Continuing to implement the nuclear deal was the responsibility of all parties concerned and the common wish of the international community, Wang was quoted as saying during the call, which took place while he was on a visit to Rwanda.
The deal would help uphold the international non-proliferation regime, maintain regional peace and stability and solve “other hot issues” around the world, he said.
He urged Iran to remain calm and continue to fulfil its obligations under the deal.
On Friday, Trump agreed to waive sanctions against Iran that were lifted as part of the international deal but said it would be the last time unless conditions were met to fix what he called “significant flaws” in the deal.

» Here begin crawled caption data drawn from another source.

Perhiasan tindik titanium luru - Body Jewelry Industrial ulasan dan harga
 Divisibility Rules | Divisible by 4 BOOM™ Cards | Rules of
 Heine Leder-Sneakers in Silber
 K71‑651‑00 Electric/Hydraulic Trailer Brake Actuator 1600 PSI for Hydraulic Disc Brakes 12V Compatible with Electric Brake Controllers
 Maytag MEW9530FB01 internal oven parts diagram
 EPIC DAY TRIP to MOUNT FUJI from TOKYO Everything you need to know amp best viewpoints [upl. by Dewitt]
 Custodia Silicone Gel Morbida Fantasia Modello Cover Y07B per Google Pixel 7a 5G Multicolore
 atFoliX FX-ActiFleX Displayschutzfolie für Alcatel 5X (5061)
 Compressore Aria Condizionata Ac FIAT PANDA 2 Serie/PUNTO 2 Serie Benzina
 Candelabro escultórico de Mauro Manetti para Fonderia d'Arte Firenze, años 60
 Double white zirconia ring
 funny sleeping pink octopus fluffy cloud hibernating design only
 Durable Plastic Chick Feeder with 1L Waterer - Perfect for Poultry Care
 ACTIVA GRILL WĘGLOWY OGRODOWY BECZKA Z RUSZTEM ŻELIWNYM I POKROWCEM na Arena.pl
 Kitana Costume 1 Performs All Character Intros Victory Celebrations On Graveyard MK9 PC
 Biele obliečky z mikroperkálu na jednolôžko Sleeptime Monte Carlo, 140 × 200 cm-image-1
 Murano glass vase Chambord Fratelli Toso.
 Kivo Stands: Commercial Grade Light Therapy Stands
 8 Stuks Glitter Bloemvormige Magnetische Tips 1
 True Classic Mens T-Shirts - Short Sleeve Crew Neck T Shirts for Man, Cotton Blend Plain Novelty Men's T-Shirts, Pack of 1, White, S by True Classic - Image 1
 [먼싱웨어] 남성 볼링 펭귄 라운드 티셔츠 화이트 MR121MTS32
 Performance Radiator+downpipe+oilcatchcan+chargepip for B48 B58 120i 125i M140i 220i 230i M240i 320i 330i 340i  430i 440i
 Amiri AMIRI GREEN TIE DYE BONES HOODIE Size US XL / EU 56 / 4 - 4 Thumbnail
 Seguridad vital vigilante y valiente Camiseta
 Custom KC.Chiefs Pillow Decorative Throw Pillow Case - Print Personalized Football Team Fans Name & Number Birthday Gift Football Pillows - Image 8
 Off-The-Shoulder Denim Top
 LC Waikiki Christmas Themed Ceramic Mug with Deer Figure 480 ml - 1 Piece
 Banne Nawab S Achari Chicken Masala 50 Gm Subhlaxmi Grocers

His ultimatum puts pressure on Europeans – key backers and parties to the 2015 international agreement to curb Iran’s nuclear programme – to satisfy Trump, who wants the pact strengthened with a separate agreement within 120 days.
Zarif responded on Twitter that the deal was not renegotiable and that Trump’s stance “amounts to desperate attempts to undermine a solid multilateral agreement”.
While Trump approved the sanctions waiver, the US Treasury Department announced new, targeted sanctions against 14 entities and people, including the head of Iran’s judiciary, Sadeq Amoli Larijani, a close ally of Iran’s Supreme Leader Ayatollah Ali Khamenei.
Iran said on Saturday it would retaliate against the new sanctions, although it did not specify how.